12 January 2012 - Rebuilding Haiti after the earthquake

Since the 7.0 magnitude earthquake hit Haiti in 2010, Save the Children has reached 1.2 million people through medical clinics and cholera treatment centers and enabled 40,000 people to gain long-term access to clean water.

We have also worked hard to ensure children receive an education. This has included constructing 229 classrooms and training over 1,200 teachers. So far, this has enabled 30,000 children to get to school – many for the first time.

Another important piece of our work has been reuniting children with their families after the earthquake and supporting communities in their efforts to protect children threatened by violence, abuse, and exploitation.

However, there are still approximately 500,000 people living in makeshift tents and many children living in conditions where they are extremely vulnerable to hurricanes and outbreaks of diseases. Only six months from the next hurricane season, a long-term solution needs to be found before another emergency occurs.

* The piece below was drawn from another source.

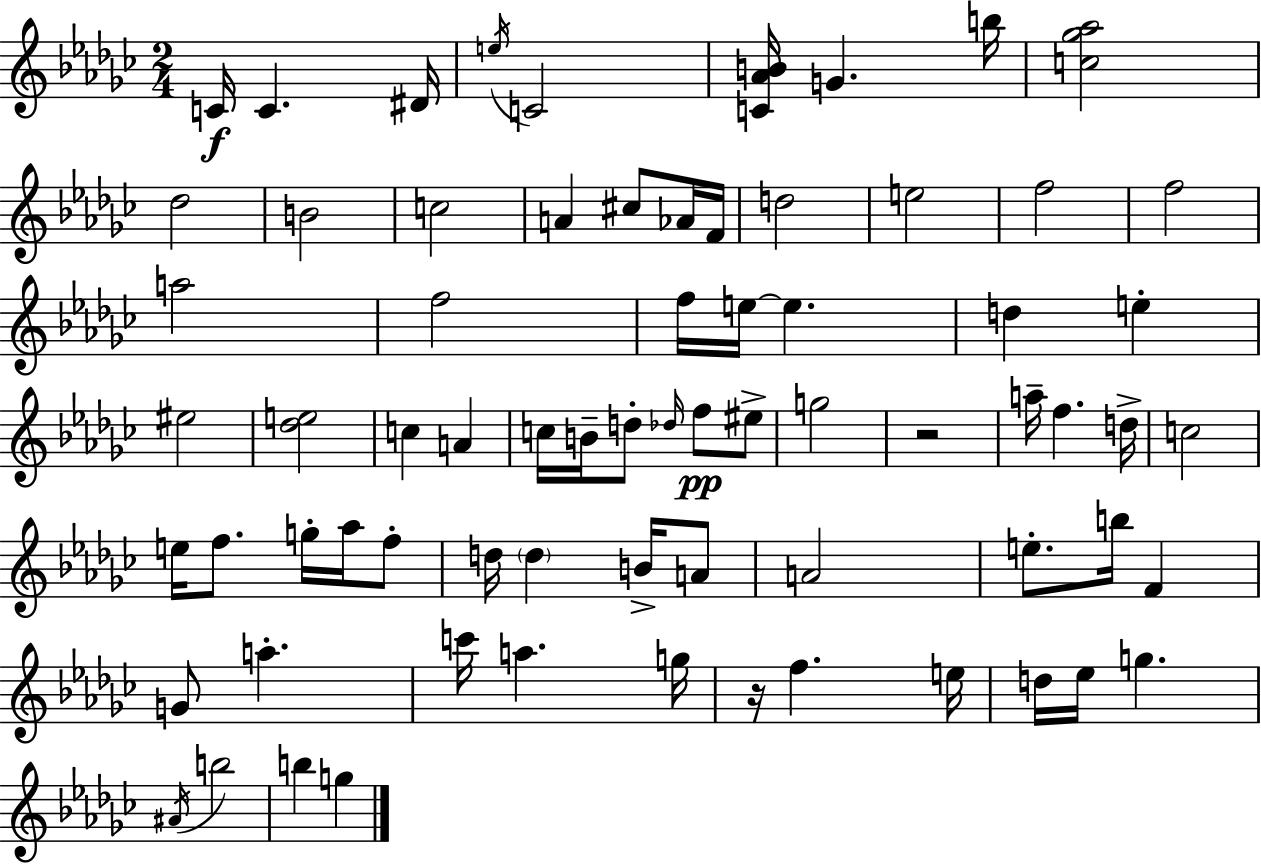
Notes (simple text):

C4/s C4/q. D#4/s E5/s C4/h [C4,Ab4,B4]/s G4/q. B5/s [C5,Gb5,Ab5]/h Db5/h B4/h C5/h A4/q C#5/e Ab4/s F4/s D5/h E5/h F5/h F5/h A5/h F5/h F5/s E5/s E5/q. D5/q E5/q EIS5/h [Db5,E5]/h C5/q A4/q C5/s B4/s D5/e Db5/s F5/e EIS5/e G5/h R/h A5/s F5/q. D5/s C5/h E5/s F5/e. G5/s Ab5/s F5/e D5/s D5/q B4/s A4/e A4/h E5/e. B5/s F4/q G4/e A5/q. C6/s A5/q. G5/s R/s F5/q. E5/s D5/s Eb5/s G5/q. A#4/s B5/h B5/q G5/q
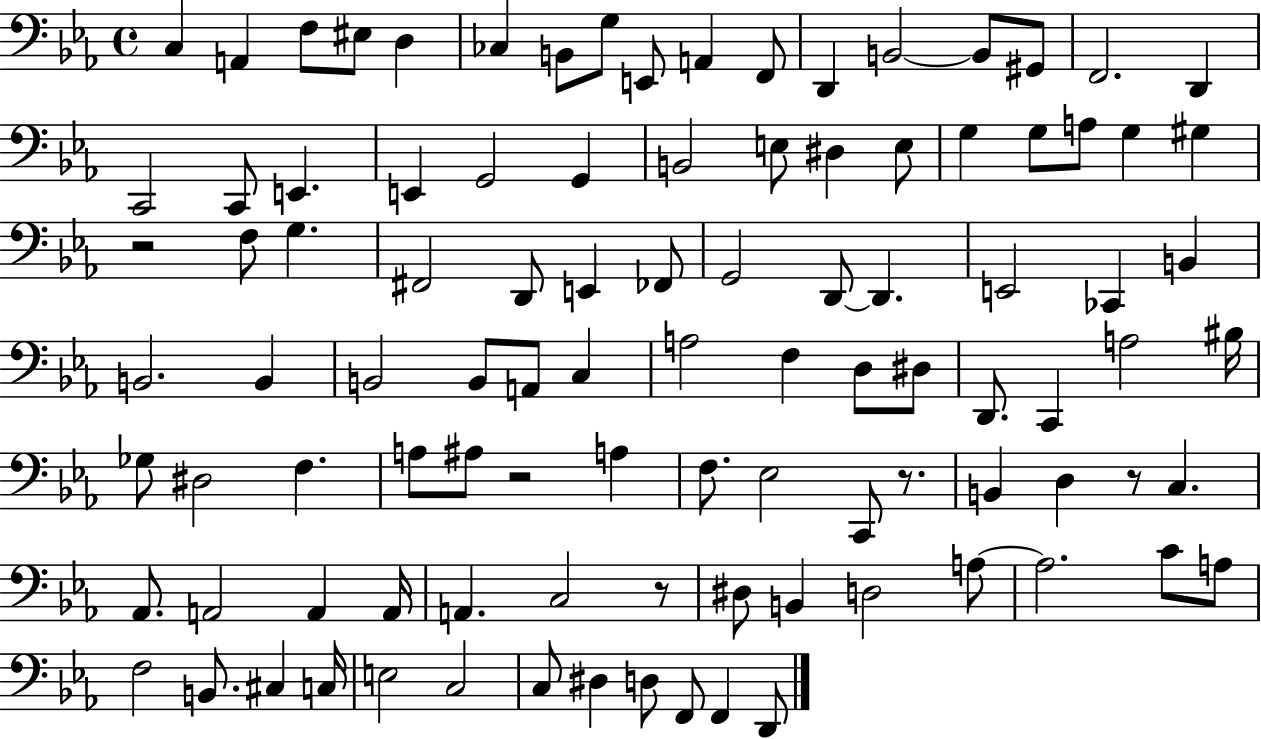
C3/q A2/q F3/e EIS3/e D3/q CES3/q B2/e G3/e E2/e A2/q F2/e D2/q B2/h B2/e G#2/e F2/h. D2/q C2/h C2/e E2/q. E2/q G2/h G2/q B2/h E3/e D#3/q E3/e G3/q G3/e A3/e G3/q G#3/q R/h F3/e G3/q. F#2/h D2/e E2/q FES2/e G2/h D2/e D2/q. E2/h CES2/q B2/q B2/h. B2/q B2/h B2/e A2/e C3/q A3/h F3/q D3/e D#3/e D2/e. C2/q A3/h BIS3/s Gb3/e D#3/h F3/q. A3/e A#3/e R/h A3/q F3/e. Eb3/h C2/e R/e. B2/q D3/q R/e C3/q. Ab2/e. A2/h A2/q A2/s A2/q. C3/h R/e D#3/e B2/q D3/h A3/e A3/h. C4/e A3/e F3/h B2/e. C#3/q C3/s E3/h C3/h C3/e D#3/q D3/e F2/e F2/q D2/e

Helping people prepare for future disasters, is crucial to ensure that Haiti’s children can survive their childhoods and develop to their fullest potential and in addition to continuing momentum with the work we are already doing, this is Save the Children’s next challenge.

The situation

A devastating earthquake struck Haiti on January 12, 2010. More than 220,000 people were killed and 2.3 million others were displaced in one of the worse natural disasters the world has ever seen.

In October 2010, humanitarian efforts were further challenged by a cholera epidemic which continues today and has claimed over 6,700 lives according to the United Nations.